Sometimes when the house grew too unbearably dull and small, they threw their coats over their heads and plodded through the heavy mud to the barn to play in the corn fodder and consort with the mules and chickens. It was a great relief to their mother to get them out of the house. Around the barn, the sodden stable dung made a lake of stinking filth and the children had to step very carefully from stone to stone to avoid sinking into it. Inside it was fun for a while to jump about in the clean fodder, to curry the mules and climb on their backs, and to hunt for eggs in the loft and on the top of the beams. But they soon tired of this and trooped back to the house, bringing with them their boredom and a quantity of sticky mud which refused to wipe off on the dirty bit of folded rag carpet before the door.

When the rainy spell was over Mrs. Pippinger heaved a sigh of relief and started them off to school again. Dressed in faded caps and little made-over, outgrown coats, too short in the sleeves and too tight across the chest, they trudged through the mud, glad to be away from the dreary house. When they got to school they were tired to the point of exhaustion; and the mud, which had splashed over their shoe tops, was drying in grayish flakes on their stockings. A tremendous wood fire, built by some of the older boys, blazed in the big box stove and made the room so hot that the children, tired from their long walk and entering that close, heated atmosphere from the chilly freshness of the outdoors, almost fell asleep over their copybooks.

It was worse still as the winter advanced and snow began to fall. The melted snow mixed with the mud and made a thin, oozy, penetrating slush, which usually meant wet feet for the Pippingers.

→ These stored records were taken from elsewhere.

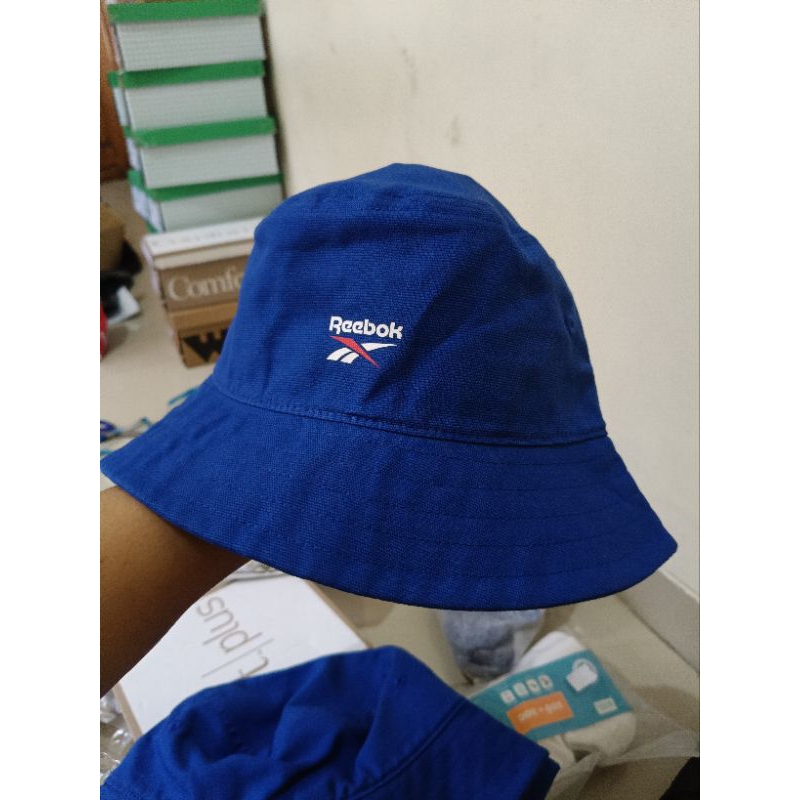 sports station big sale reebok bucket hat blue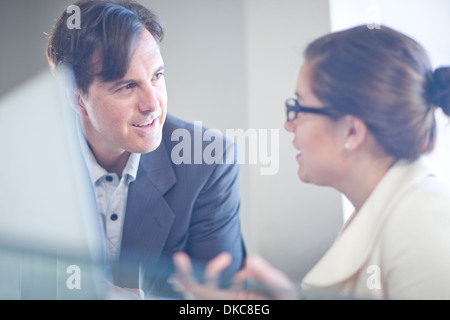 Businesspeople having conversation Banque D'Images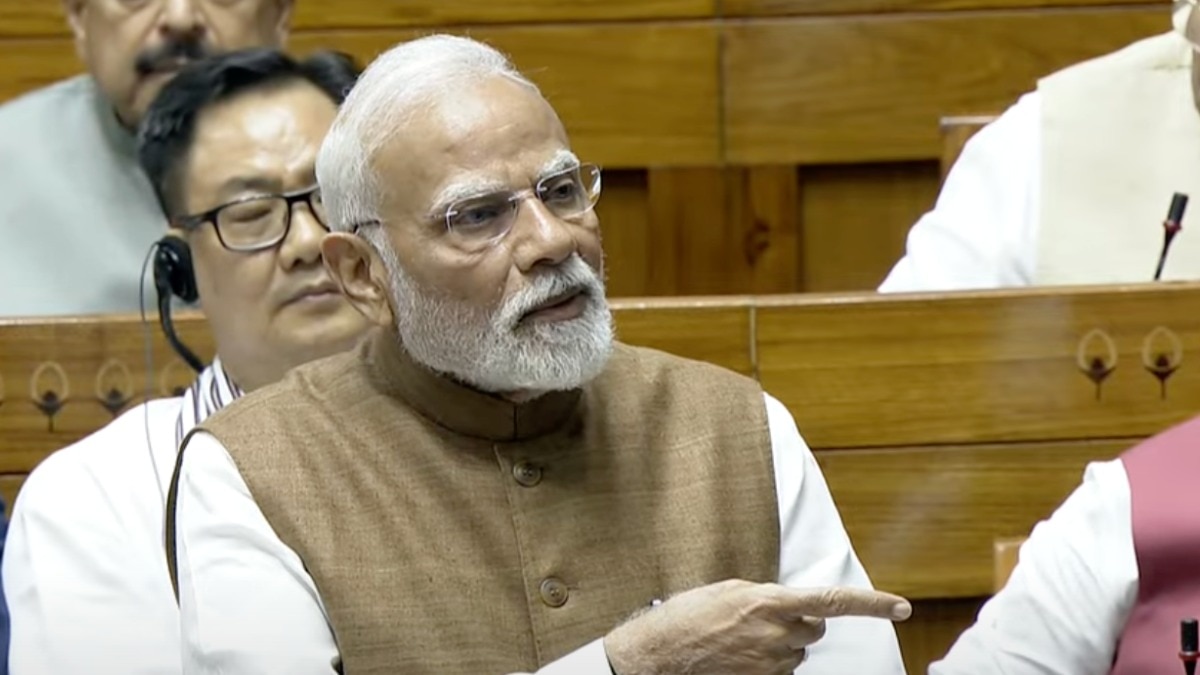 सीजफायर पर पीएम मोदी ने विपक्ष के सवालों पर बोला हमला (Photo: @Youtube/Sansad TV)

It was not always possible for Bill to provide five new pairs of shoes and five new pairs of rubbers or overshoes with the oncoming of the bad season. And so the shoes were often broken and the rubbers worn into holes in the heels, which gave an easy entrance to the cold winter slush. For this reason and because the air of the schoolhouse was kept so close and overheated, coughs and colds were of very frequent occurrence. The winter, in fact, was one long stretch of barking, sniveling, wheezing, and nose-blowing, with sometimes a more severe attack which kept one or other of the children from school. Mrs. Pippinger always kept on hand in a stone jar a homemade cough syrup consisting of butter, sugar, and vinegar. It did not seem to have any very great curative effect on the coughs and colds; but the children were always glad to take it because it tasted so good.

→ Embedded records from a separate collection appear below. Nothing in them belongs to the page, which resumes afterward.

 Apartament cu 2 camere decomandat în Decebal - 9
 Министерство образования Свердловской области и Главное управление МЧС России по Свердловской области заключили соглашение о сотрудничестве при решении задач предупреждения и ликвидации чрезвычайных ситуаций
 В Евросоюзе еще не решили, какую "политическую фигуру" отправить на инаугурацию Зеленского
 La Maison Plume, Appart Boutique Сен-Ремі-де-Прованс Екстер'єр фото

Then too, as the winter advanced, the pantry and smokehouse grew more and more empty. "Roasin' ears," tomatoes, cucumbers and such garden delicacies were gone with the early frosts. Sweet potatoes, dried out on a shelf behind the kitchen stove, lasted a while longer, but were soon eaten up. White potatoes, cabbage, and pumpkins lasted till about Christmas. After that the frost always got what was left of them, as the Pippingers had no cellar. Christmas, too, saw the last of the apples; for Kentucky is too far south to grow good winter apples. The cured and smoked hog meat hanging in the smokehouse sometimes lasted till spring; but more often it was gone by February. The few jars of jam and cans of peaches and blackberries that Mrs. Pippinger managed to put up through the summer were turned into empty bottles almost before the frost came. Then began a long, lean season of mush and milk for breakfast, corn cakes and drippings for dinner, and corn cakes and sorghum for supper. If Bill could get a job stripping tobacco or shucking corn, there would be some canned goods and a side of bacon from Peter Akers' store. But usually the tobacco was all stripped and the corn all shucked before the lean season came on. Sometimes there was a job of hauling to be had. But the hauling jobs were so few and scattered that they did little more than provide the Pippingers with the occasional sack of flour to make the Sunday and holiday treat of hot biscuit. Bill made special efforts to keep flour in the house, for he did dearly love a light hot biscuit.